Your assignment | The answer must be every entry below, word for word, with the pictures left out.

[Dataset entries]

______

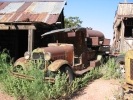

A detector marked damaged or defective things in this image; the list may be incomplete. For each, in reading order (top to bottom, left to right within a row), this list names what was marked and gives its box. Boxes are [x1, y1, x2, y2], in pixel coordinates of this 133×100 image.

rusty roof panel [0, 1, 65, 23]
rusty old truck [10, 27, 110, 82]
second rusty vehicle [11, 27, 110, 82]
rusted metal body [12, 27, 110, 81]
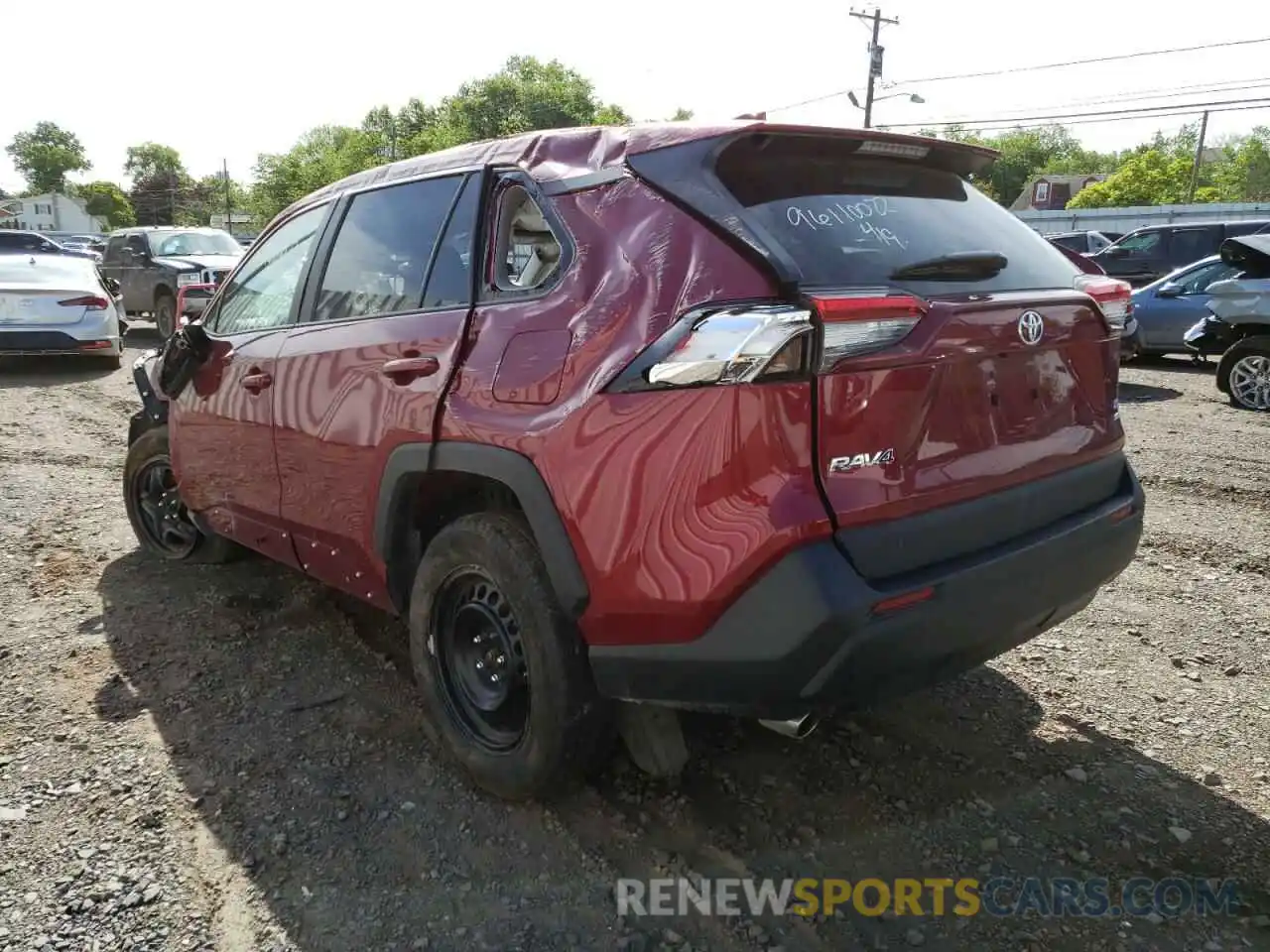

______

Solved exercise |
A detector marked damaged or defective things in this image; the list may be incomplete. For each, in reading order (top to bottom, left to right within a row), this list names what was marked and gives its box. Boxes are [x1, y1, x2, y2], in pixel coordinates of this 133×100 image.

rusty roof panel [0, 1, 65, 23]
rusty old truck [10, 27, 110, 82]
second rusty vehicle [11, 27, 110, 82]
rusted metal body [12, 27, 110, 81]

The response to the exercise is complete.